Rupp, you are acting like Rupp Arena is the greatest thing since Sliced Bread (not the person). But really it isn't even on campus and it isn't THAT big. There are at least ten arenas that I can think of that are better.


----------



## OZZY (Jun 14, 2002)

> Williams Arena of Minnesota,


 :rock:, yeah that is what I'm talking about:yes: That arena is freaking old, I walked around it waiting for the lines to go down after the game and damn. They still have wooden stairs on the sides, they have really old seats in the back, they still have old seating, there are dead spots in the stadium where you can't even see half the court. But that place is awesome, old but nothing wrong with that. It brings class to the building and a tradition, I would never want them to take it down!






































But how can you leave off the Dean Dome, what great tradition in that building even though it is not that old. All of those jersey's hanging in the rafters, nothing better than that. You got Wallace, Jordan, Perkins, Stackhouse, Jamison, Carter, Smith etc.










Others...

I think Missouri has a very underrated stadium.

Indiana Hoosiers have a classic stadium I love!
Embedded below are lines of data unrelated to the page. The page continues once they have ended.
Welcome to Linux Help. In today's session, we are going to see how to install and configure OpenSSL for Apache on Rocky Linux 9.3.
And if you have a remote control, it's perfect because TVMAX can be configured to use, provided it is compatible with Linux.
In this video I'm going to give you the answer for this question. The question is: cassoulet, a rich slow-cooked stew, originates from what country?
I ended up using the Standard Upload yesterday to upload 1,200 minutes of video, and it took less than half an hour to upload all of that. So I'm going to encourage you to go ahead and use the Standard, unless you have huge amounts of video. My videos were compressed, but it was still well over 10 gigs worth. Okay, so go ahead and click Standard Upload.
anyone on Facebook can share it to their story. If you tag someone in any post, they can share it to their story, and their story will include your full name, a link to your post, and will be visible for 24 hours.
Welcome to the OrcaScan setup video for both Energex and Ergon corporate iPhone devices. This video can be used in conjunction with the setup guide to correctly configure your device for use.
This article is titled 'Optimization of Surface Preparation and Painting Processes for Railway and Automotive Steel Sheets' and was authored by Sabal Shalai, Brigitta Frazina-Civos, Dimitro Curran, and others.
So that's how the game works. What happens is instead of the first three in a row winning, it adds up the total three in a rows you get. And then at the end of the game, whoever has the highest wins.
Virginia's stadium is very cool as well.

And Alabama has a wonderful basketball stadium!


----------



## UKfan4Life (Mar 5, 2003)

> Originally posted by <b>Spartanfan2003</b>!
> Rupp, you are acting like Rupp Arena is the greatest thing since Sliced Bread (not the person). But really it isn't even on campus and it isn't THAT big. There are at least ten arenas that I can think of that are better.
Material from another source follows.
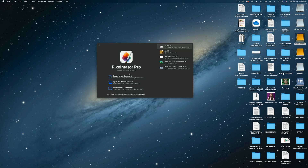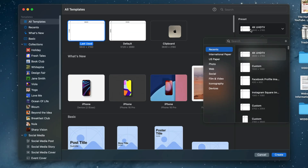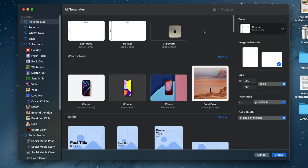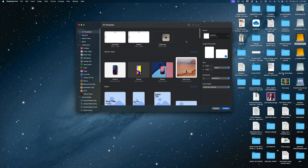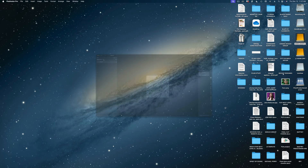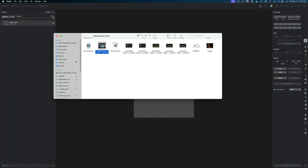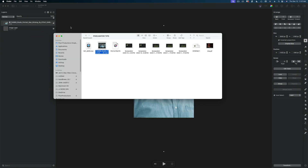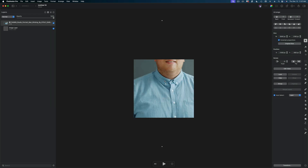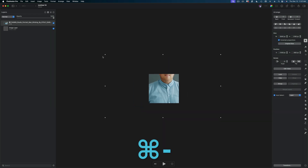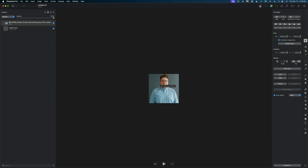Let's start by making a new document in Pixelmator Pro. I'm going to go for a square aspect ratio with a thousand by one thousand pixel size and hit Create. I'm going to add my video file to my layers panel, and this video file is much larger than my frame, so I'm going to zoom out and scale it down and reposition it.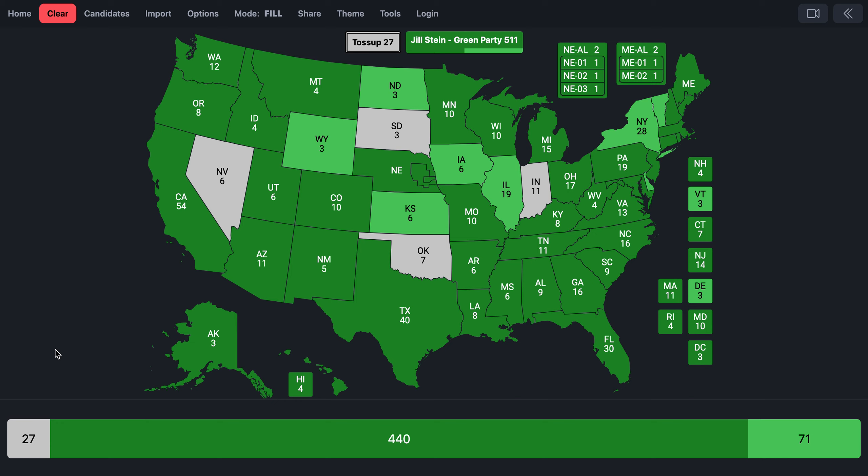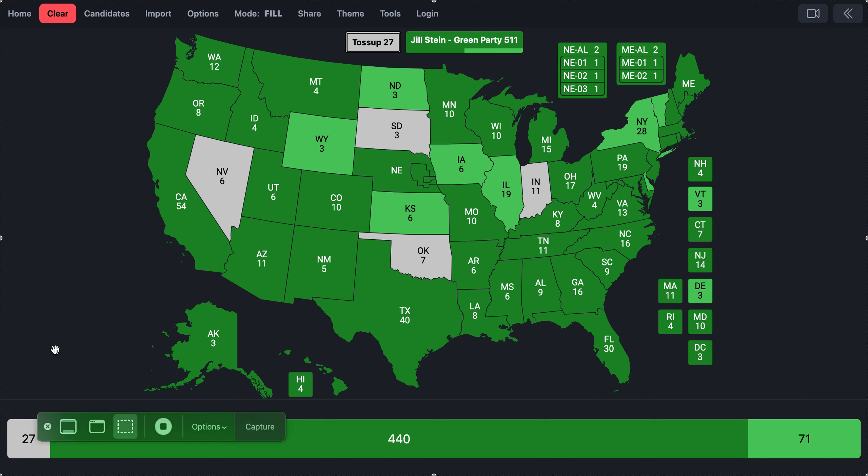So, that is the ballot access map for the Green Party. With that, I will see you all in the next video. Deuces.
Well hm....I think it qualifies as being the best when A) It holds an NCAA record for most games sold out (with the most seats of course, 22,000) B) Has 3 stories of nothing but shops and places to eat and C) has a friggin' hotel in it. Have you been in Rupp Arena? No, the only college arena that seats more is UT (22,500) but of course only about 500 people come to their home games and they built it purposely trying to out-do Rupp Arena. But they only out-did it in seats. It doesn't seem as big because it goes wider instead of taller and part of the arena is underground (along with some of the shops). But hey, it seats more, and is bigger than, MSU's arena (14,759).


----------



## kansasalumn (Jun 9, 2002)

Ozzy, Missouri arena well there is a reason why they are building a new one.


----------



## OZZY (Jun 14, 2002)

> Ozzy, Missouri arena well there is a reason why they are building a new one.


  What? That place is a nut house, and on TV is looks kind of new. It is tall, fans are close to the court and has nice lighting. Pathetic if they have to build a new stadium because the one they have is fine, unless someone F'ed up when they made it.



Here are the top 5  college basketball stadiums in America. And I think the author will be fimilar to most of you, he is "Cigarboy" that posts editorials once in a while.


----------



## pharcyde (Jun 22, 2002)

Missouri is building a new arena for a few reasons, one of them being increased seating. The current arean, the Hearnes Center, only holds about 12,000 and the new one will hold quite a few more. Plus it's really not that great. I mean, the seats are frikkin' green. The whole place, except for some painting they did a couple of years ago, is grey and green. Very little black or gold is seen anywhere.


----------



## kansasalumn (Jun 9, 2002)

> Originally posted by <b>pharcyde</b>!
> Missouri is building a new arena for a few reasons, one of them being increased seating. The current arean, the Hearnes Center, only holds about 12,000 and the new one will hold quite a few more. Plus it's really not that great. I mean, the seats are frikkin' green. The whole place, except for some painting they did a couple of years ago, is grey and green. Very little black or gold is seen anywhere.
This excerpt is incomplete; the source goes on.